Captioned web image data
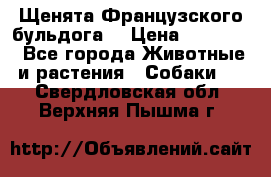 Щенята Французского бульдога. › Цена ­ 45 000 - Все города Животные и растения » Собаки   . Свердловская обл.,Верхняя Пышма г.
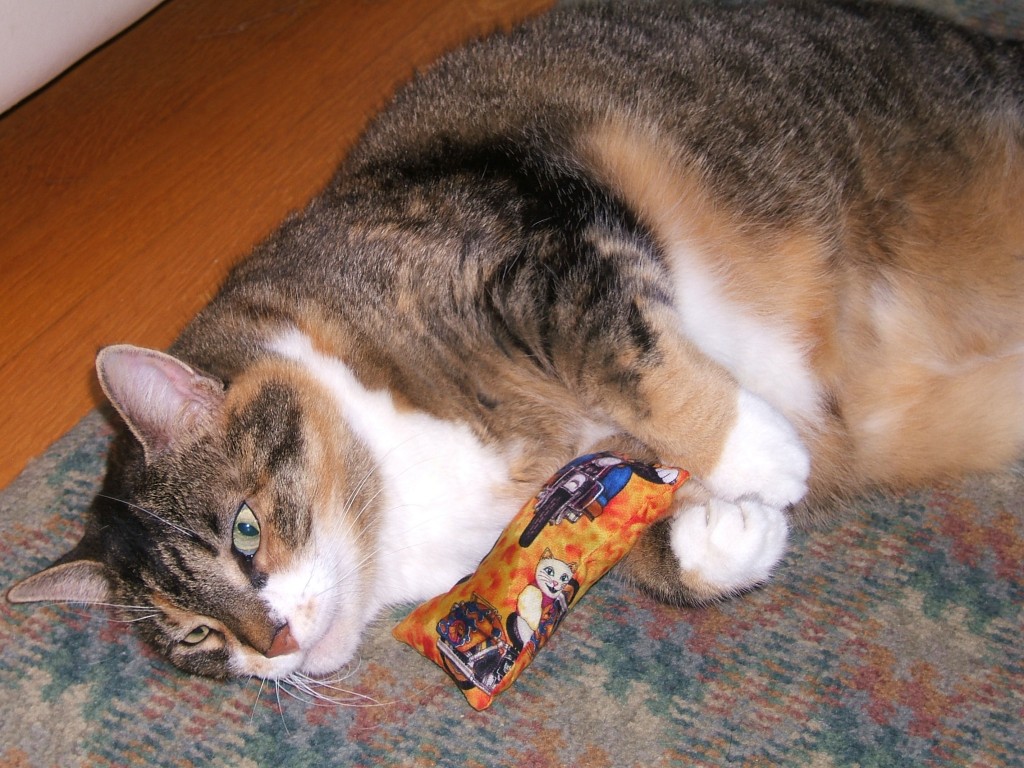 Baillee never attended the New York State Fair, but she enjoyed playing with toys purchased there.  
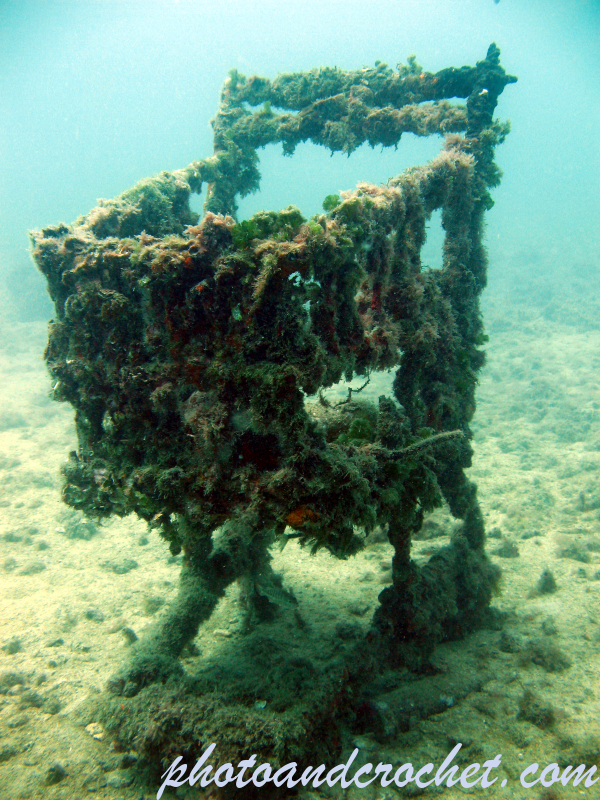 Shopping Trolley - Image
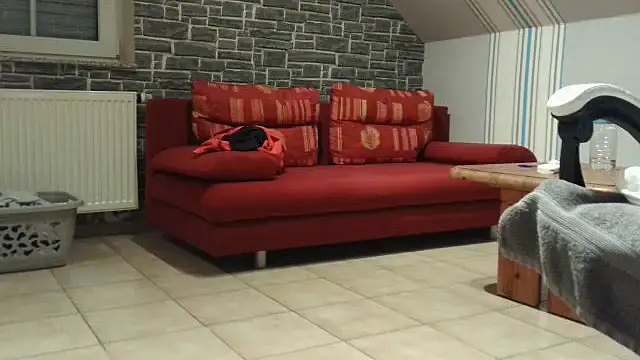 vers92_seb live sex cam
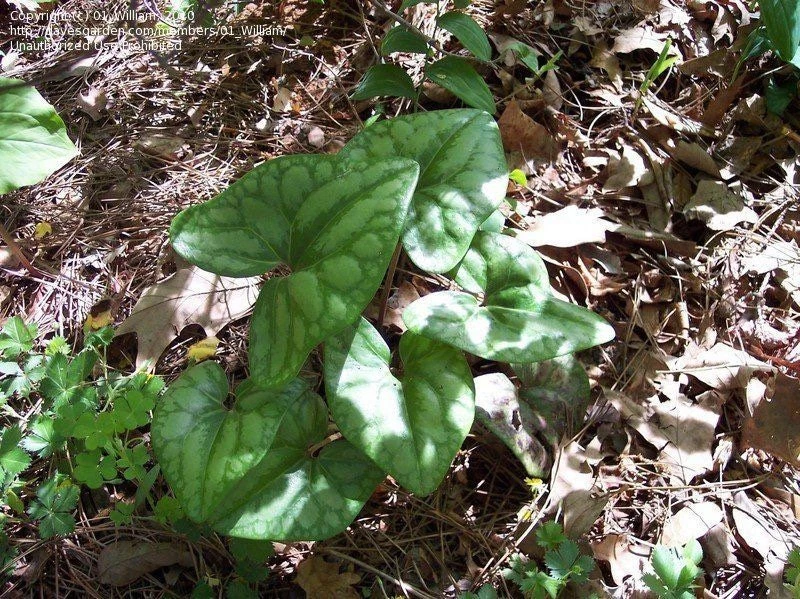 10 Heartleaf Ginger Bare Roots - Organic Hexastylis Arifolia Wildflower Plants - Image 1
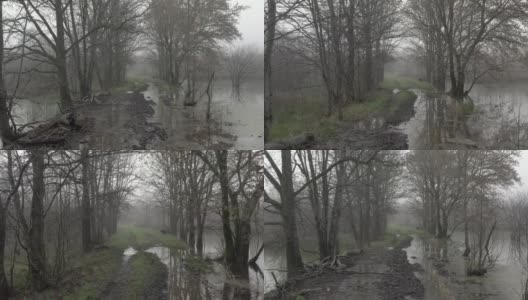 在一场严重风暴后的大雾中，农场被淹的道路高清在线视频素材下载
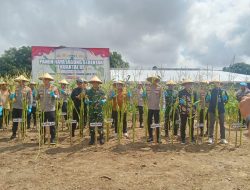 Jalin Sinergitas TNI- Polri, Dandim 1611 Badung Hadiri Panen Raya Jagung Serentak Kuartal III.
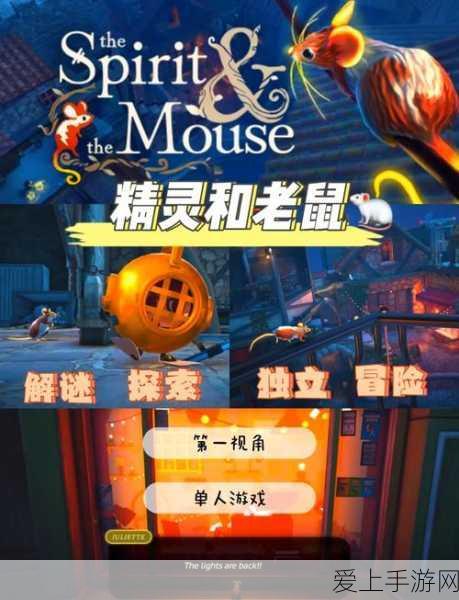 航海王燃烧意志，青雉加点攻略大揭秘，打造无敌冰冻强者！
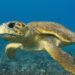 China waarschuwt voor spionageschildpadden en vissen in wateren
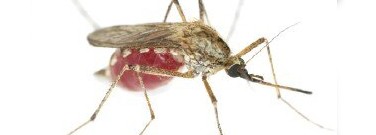 biology-archive-genetically-modified-mosquitos-fever-brazil-1761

WHAT YOU HAVE TO DO >> Please transcribe, word for word, every line from the one containing "China waarschuwt voor" through the last line of the records, both included, and leave the pictures out.

EXERCISE RESPONSE >>
 China waarschuwt voor spionageschildpadden en vissen in wateren
 biology-archive-genetically-modified-mosquitos-fever-brazil-1761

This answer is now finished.